Bandalier National Park
Yesterday I traveled from Santa Fe, New Mexico across the valley to Los Alamos and needed somewhere to camp. The map showed Bandalier National Park nearby with a campground so I figured that would be safe, reliable and cheap.
This morning when I woke up I packed up my campsite and figured I ought to see what this park is all about instead of just going straight to Los Alamos. I'd never heard of Bandalier before and figure you probably haven't either. The website search suggested it was an ancient human settlement in a canyon with the opportunity to see what ancient human cave homes looked like. I'm not real excited at this point.
Like a little kid, I'm not much for museums and places where all I can do is look at things and learn about them. I need to touch & feel and experience things in order to appreciate them.
From the entrance of the park I take a two lane road through the desert for a while until it comes to a point where it overlooks a canyon. Ok, it's scenic, I take a few pictures.
Then the road winds steeply down the canyon into a green tree covered valley. I park at the visitor's parking lot and walk through a visitor's center to get on the main trail. It's like a nature walk for a while with little markers pointing out native shrubbery and what not. I keep walking.

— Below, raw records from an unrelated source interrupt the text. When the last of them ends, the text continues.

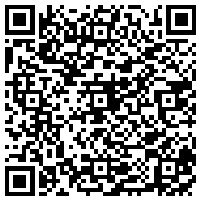 QR Code for bitcoin:bitcoin:bitcoin:bitcoin:bitcoin:bitcoin:bitcoin:bitcoin:bitcoin:bitcoin:dash:XhZP8bJJaqTxApPspHFFuKt7cKoWs1H5c3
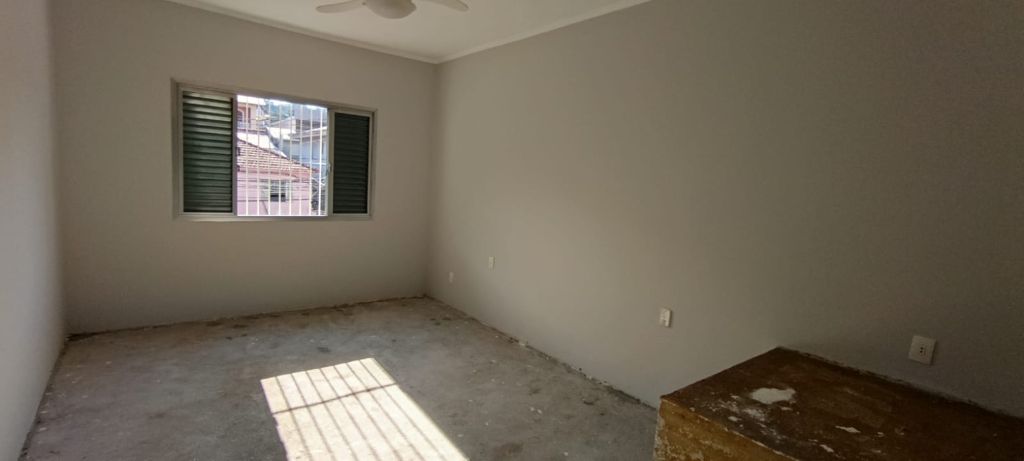 Sobrado, 3 quartos, 185 m² - Foto 11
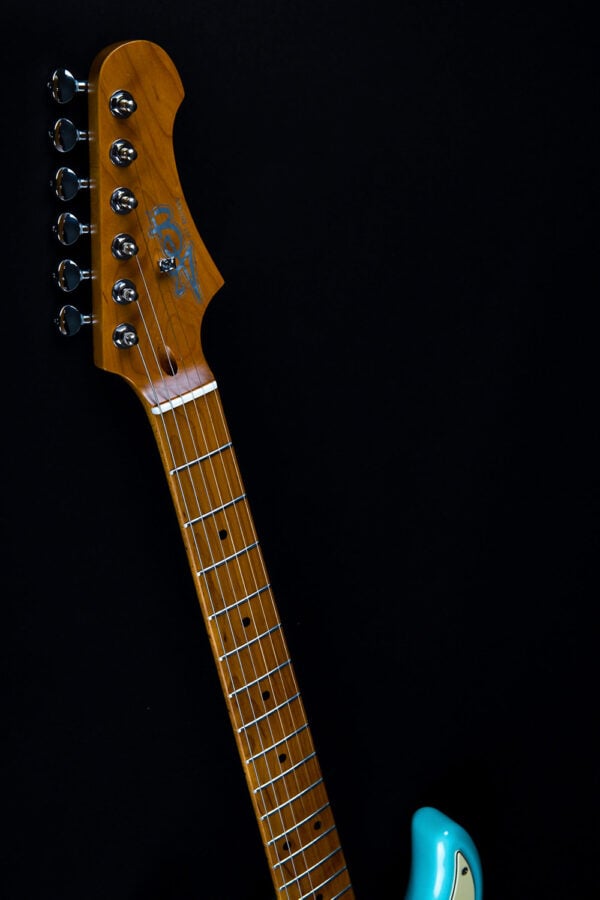 js300bl03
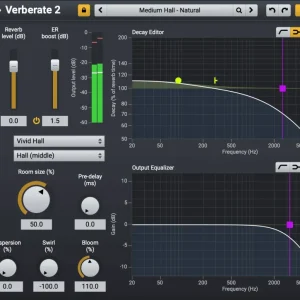 Verberate 2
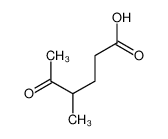 6818-07-1 structure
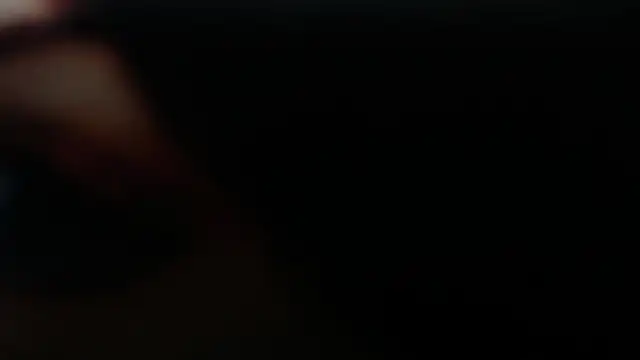 Charlottee_Brown2 Live Sex Cams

In the center of the canyon is the ruins of an ancient village. It's basically four to five foot high rock formations each a little squareish structure that are all connected to one another in a curved shape. There is a single round structure nearby called a Kiva that was the center of religious ceremonies. This is interesting and I take a few pictures but struggle to find a good shot that shows scale and depth and anything compelling.
After that I keep walking on the trail as it winds up to the base of the sheer canyon walls. It was here that the ancient people would carve out spaces in the walls and make homes out of them. As the trail begins in this area the visuals improve and I'm gaining interest.
Then, to my surprise, we get to the first area where you can climb ladders and go into some of the preserved cave spaces. And at this point I'm hooked. A National Park that is interactive and exploratory is a big win in my book.
The trail goes up and down rudimentary stairs, winds around and has some interesting twists and turns. Along the way there is plenty to see and imagine what life would have been like living here such a long time ago.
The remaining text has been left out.